On the Operational Resilience of CBDC: Threats and Prospects of Formal Validation for Offline Payments

TL;DR

This paper addresses the operational resilience of CBDCs, with a focus on offline payments, by arguing that formal verification techniques can provide correctness guarantees where standard testing falls short. It surveys formal-methods foundations (automata, Petri nets, process algebras, logics) and outlines a methodology for modeling, verifying, and prototyping offline CBDC components, emphasizing collaboration with central banks. An illustrative producer–consumer example demonstrates how equivalence and model-checking can certify implementations against a formal specification. The work highlights that while undecidability prevents absolute guarantees, formal methods can substantially reduce risk and improve trust in digital currencies deployed over the Internet.

Abstract

Information and communication technologies are by now employed in most activities, including economics and finance. Despite the extraordinary power of modern computers and the vast amount of available memory, some results of theoretical computer science imply the impossibility of certifying software quality in general. With the exception of safety-critical systems, this has primarily concerned the information processed by confined systems, with limited socio-economic consequences.
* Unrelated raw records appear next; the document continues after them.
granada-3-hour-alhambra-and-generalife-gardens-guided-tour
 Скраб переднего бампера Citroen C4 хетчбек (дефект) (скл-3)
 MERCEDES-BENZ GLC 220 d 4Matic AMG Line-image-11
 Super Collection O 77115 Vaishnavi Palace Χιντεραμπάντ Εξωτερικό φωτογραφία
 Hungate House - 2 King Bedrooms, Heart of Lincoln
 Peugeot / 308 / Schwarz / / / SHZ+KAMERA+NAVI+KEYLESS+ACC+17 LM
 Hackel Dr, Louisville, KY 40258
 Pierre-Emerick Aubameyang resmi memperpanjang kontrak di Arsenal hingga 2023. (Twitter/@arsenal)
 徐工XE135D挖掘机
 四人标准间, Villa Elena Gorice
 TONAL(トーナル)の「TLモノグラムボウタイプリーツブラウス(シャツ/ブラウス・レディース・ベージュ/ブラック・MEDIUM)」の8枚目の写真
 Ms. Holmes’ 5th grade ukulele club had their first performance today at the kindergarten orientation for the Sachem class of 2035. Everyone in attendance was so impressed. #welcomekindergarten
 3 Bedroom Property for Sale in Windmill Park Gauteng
In the emerging era of technologies for exchanging digital money and tokenized assets over the Internet, such as in particular central bank digital currencies (CBDCs), even a minor bug could trigger a financial collapse. Although the aforementioned impossibility results cannot be overcome in an absolute sense, there exist formal methods that can provide correctness assertions for computing systems. We advocate their use to validate the operational resilience of software infrastructures enabling CBDCs, with special emphasis on offline payments as they constitute a very critical issue.